● **Data for this task**
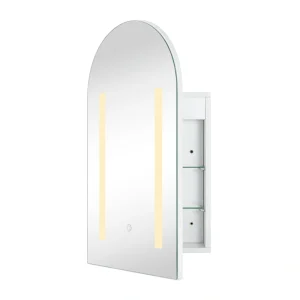TEHOME 16-in x 28-in Lighted Surface Mount White Mirrored Arched Soft Close Medicine Cabinet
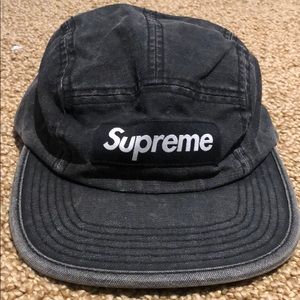 Authentic Supreme black washed denim 5 panel Hat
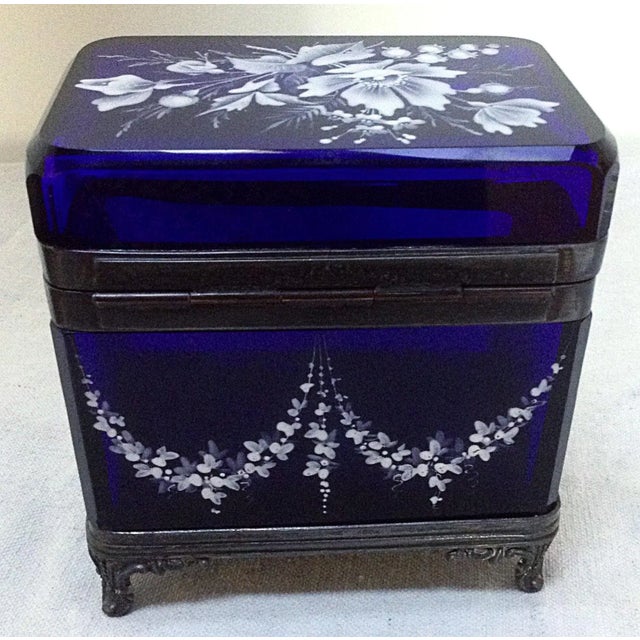 Cobalt Blue Glass Jewelry Box For Sale - Image 4 of 7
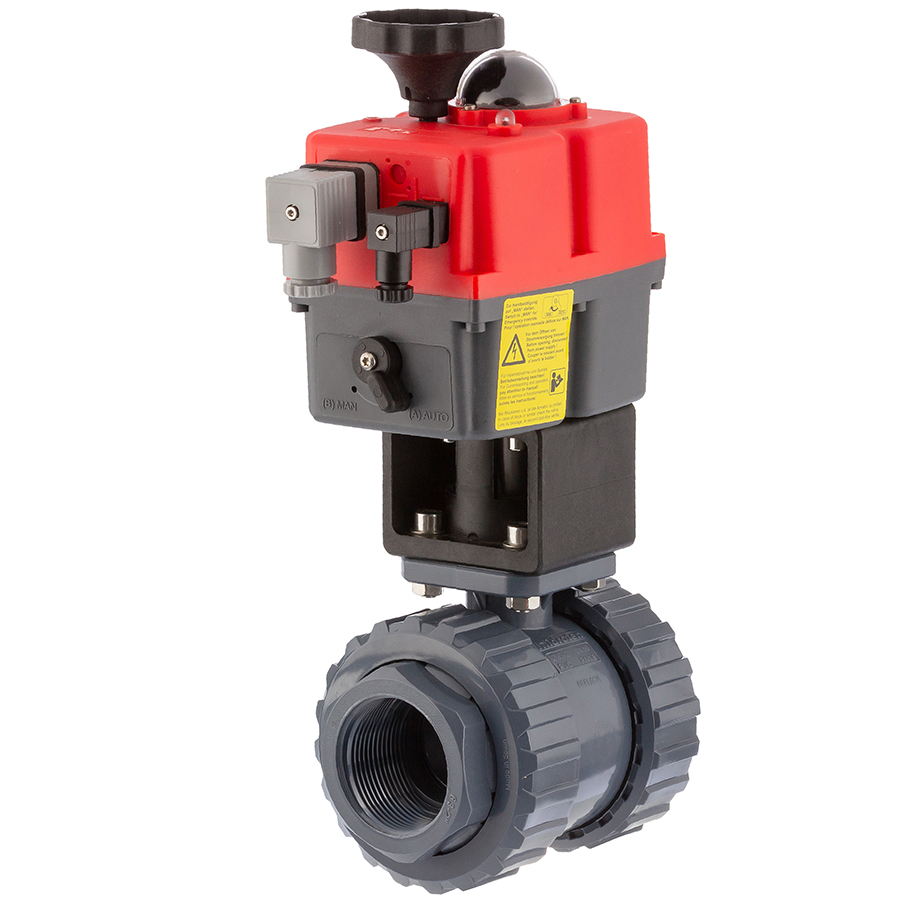 U-PVC 2 way ball valve <strong>PTFE</strong> with electrical actuator - <strong>female thread</strong>
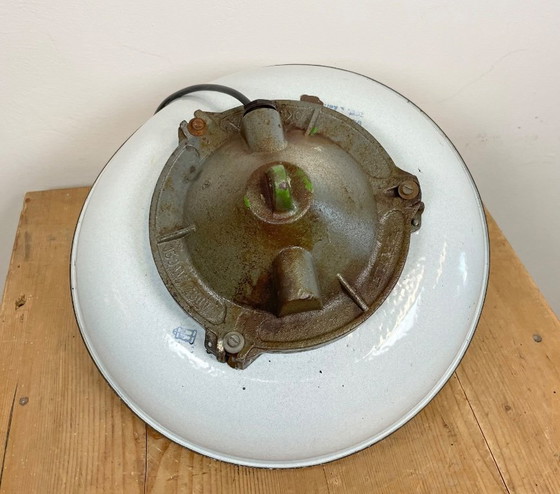 Image 1 of Industrial Grey Enamel Factory Pendant Lamp in Cast Iron from Zaos, 1960s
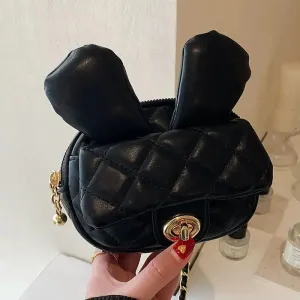 Quilted Bunny Ears Crossbody Bag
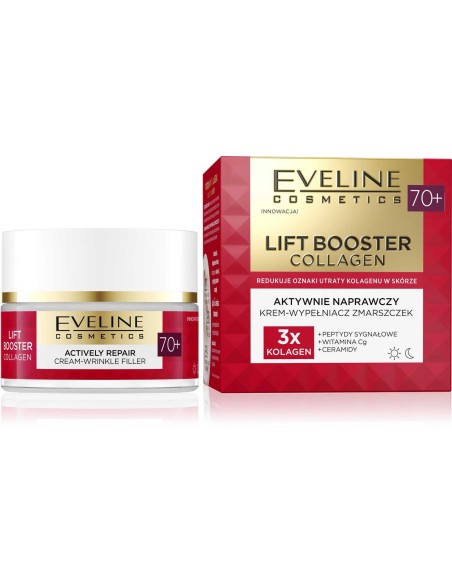 EVELINE LIFT BOOSTER COLLAGEN Krem do twarzy 70+ AKTYWNIE NAPRAWCZY WYPEŁNIACZ ZMARSZCZEK, 50 ml 
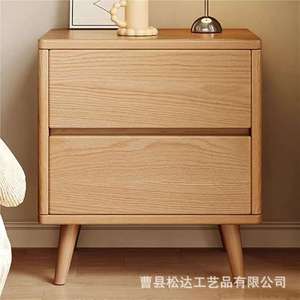 Wooden bedside table with double <b>drawers</b>, modern style, suitable for <b>small</b> bedrooms, bedside storage rack, sofa side table - Product Image 2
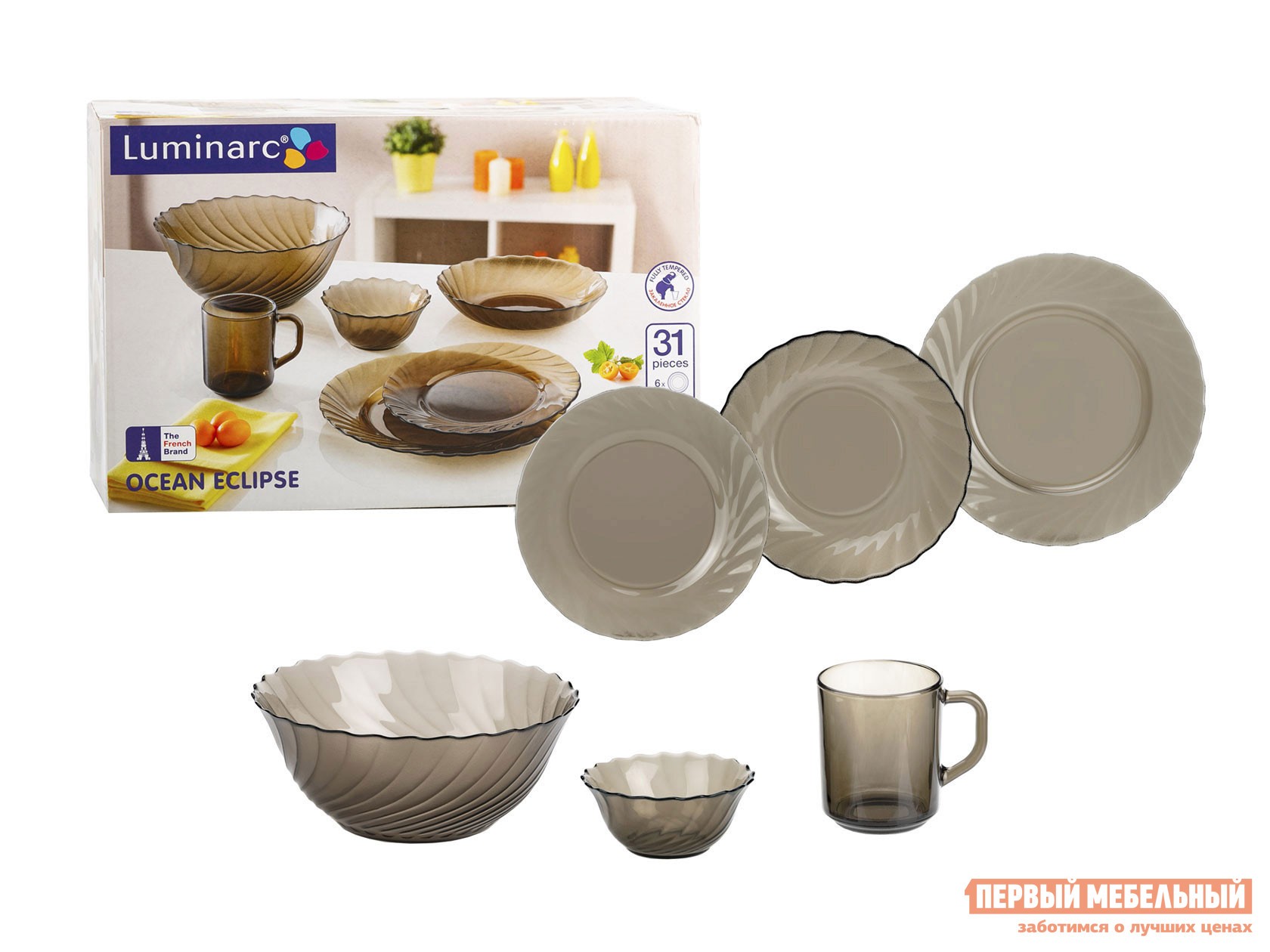 Комплект столовой посуды  Оушен 31 предмет Стекло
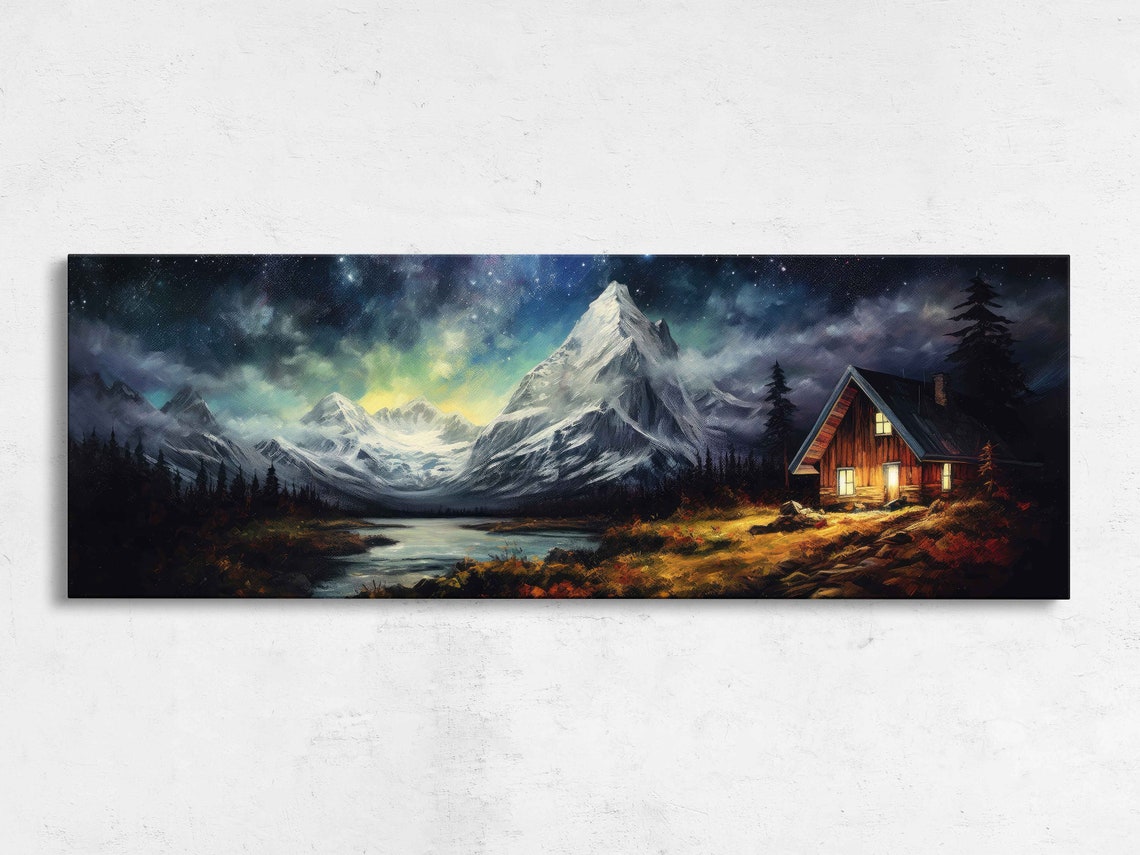 Lakeside Cabin at Night Glowing Windows Snowy Peaks Aurora Poster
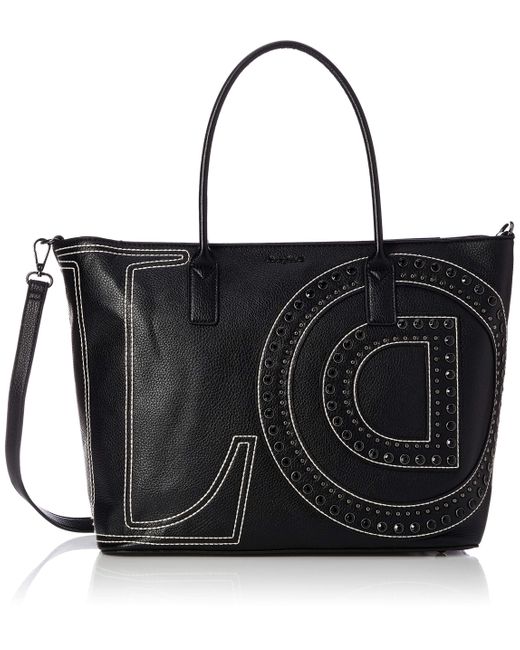 Grand Sac Cabas Femme Love En Simili Cuir Noir Synthetique Desigual En Coloris Noir Lyst
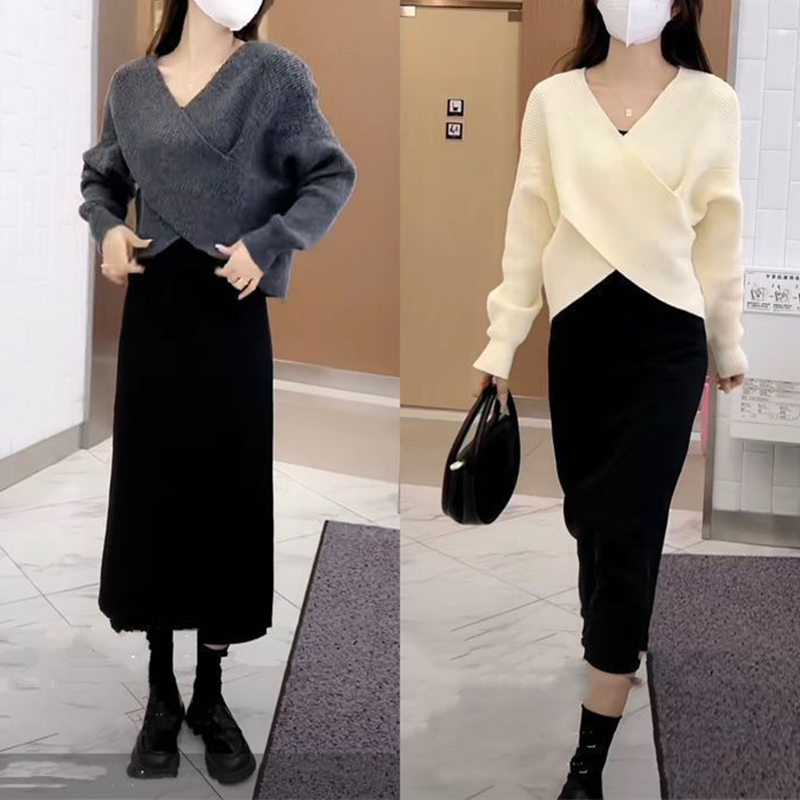 【単品注文】ゆったり Vネック 無地 カジュアル シンプル ニットセット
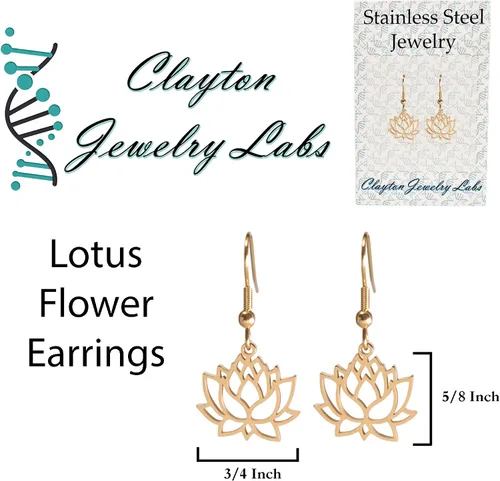 Miniatura 3 de Pendientes colgantes de acero inoxidable con flor de loto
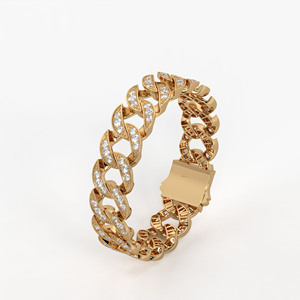 Bracelet cubain en or 14 carats plaqué rhodium, diamants CVD cultivés en laboratoire F VVS VS, maillons pavés glacés, bijoux de luxe hip-hop, unisexe - Product Image 1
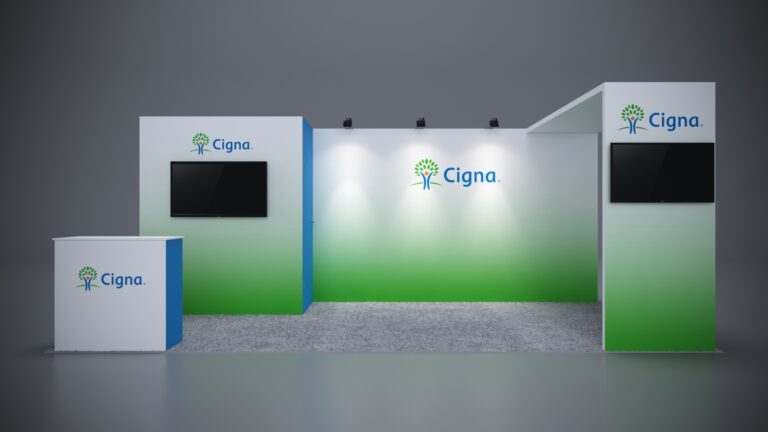 10x20 custom booth design with integrated storage and LED lighting features.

● **Problem description**
What is needed is an exact copy of every line from the one with "Cobalt Blue Glass" to the end of the listing above, with the pictures left out.

● **Expected answer**
 Cobalt Blue Glass Jewelry Box For Sale - Image 4 of 7
 U-PVC 2 way ball valve <strong>PTFE</strong> with electrical actuator - <strong>female thread</strong>
 Image 1 of Industrial Grey Enamel Factory Pendant Lamp in Cast Iron from Zaos, 1960s
 Quilted Bunny Ears Crossbody Bag
 EVELINE LIFT BOOSTER COLLAGEN Krem do twarzy 70+ AKTYWNIE NAPRAWCZY WYPEŁNIACZ ZMARSZCZEK, 50 ml 
 Wooden bedside table with double <b>drawers</b>, modern style, suitable for <b>small</b> bedrooms, bedside storage rack, sofa side table - Product Image 2
 Комплект столовой посуды  Оушен 31 предмет Стекло
 Lakeside Cabin at Night Glowing Windows Snowy Peaks Aurora Poster
 Grand Sac Cabas Femme Love En Simili Cuir Noir Synthetique Desigual En Coloris Noir Lyst
 【単品注文】ゆったり Vネック 無地 カジュアル シンプル ニットセット
 Miniatura 3 de Pendientes colgantes de acero inoxidable con flor de loto
 Bracelet cubain en or 14 carats plaqué rhodium, diamants CVD cultivés en laboratoire F VVS VS, maillons pavés glacés, bijoux de luxe hip-hop, unisexe - Product Image 1
 10x20 custom booth design with integrated storage and LED lighting features.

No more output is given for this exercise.